* **How to complete this task**
Give back exactly the lines of the material below that start at the one holding "LA FRESA ACIDA" and end at the last line, minus the pictures.

* **Given data**
....

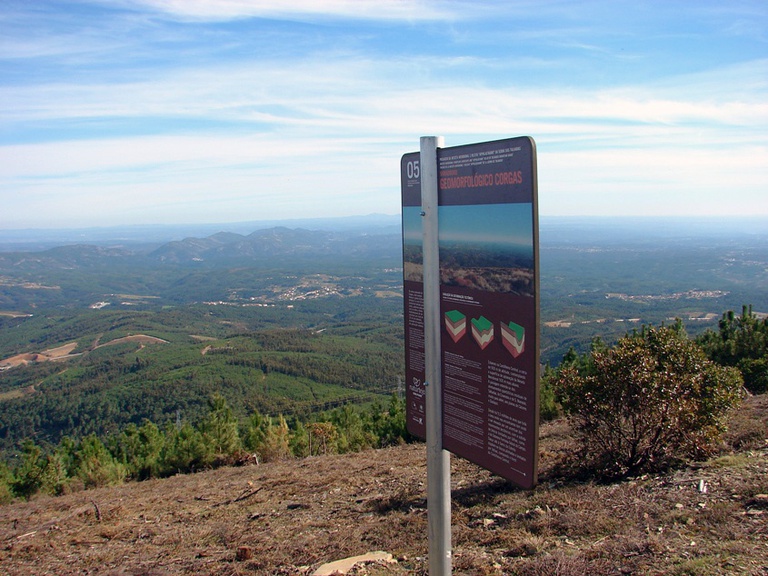 Miradouro Geomorfológico das Corgas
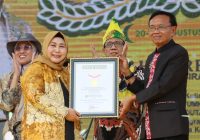 SUKSES! Pemecahan Rekor MURI Pembentangan Kain Sasirangan Sepanjang 5,7 Km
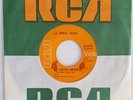 LA FRESA ACIDA - LA FIESTA HIPPIE b/w ORGULLOSA MARIA- RCA 45 - MEXICAN PRESS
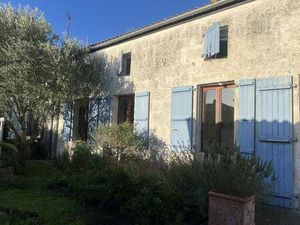 Vente maison 4 pièces 96 m² Saint-Dizant-du-Gua (17240)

....

* **Answer space**
 LA FRESA ACIDA - LA FIESTA HIPPIE b/w ORGULLOSA MARIA- RCA 45 - MEXICAN PRESS
 Vente maison 4 pièces 96 m² Saint-Dizant-du-Gua (17240)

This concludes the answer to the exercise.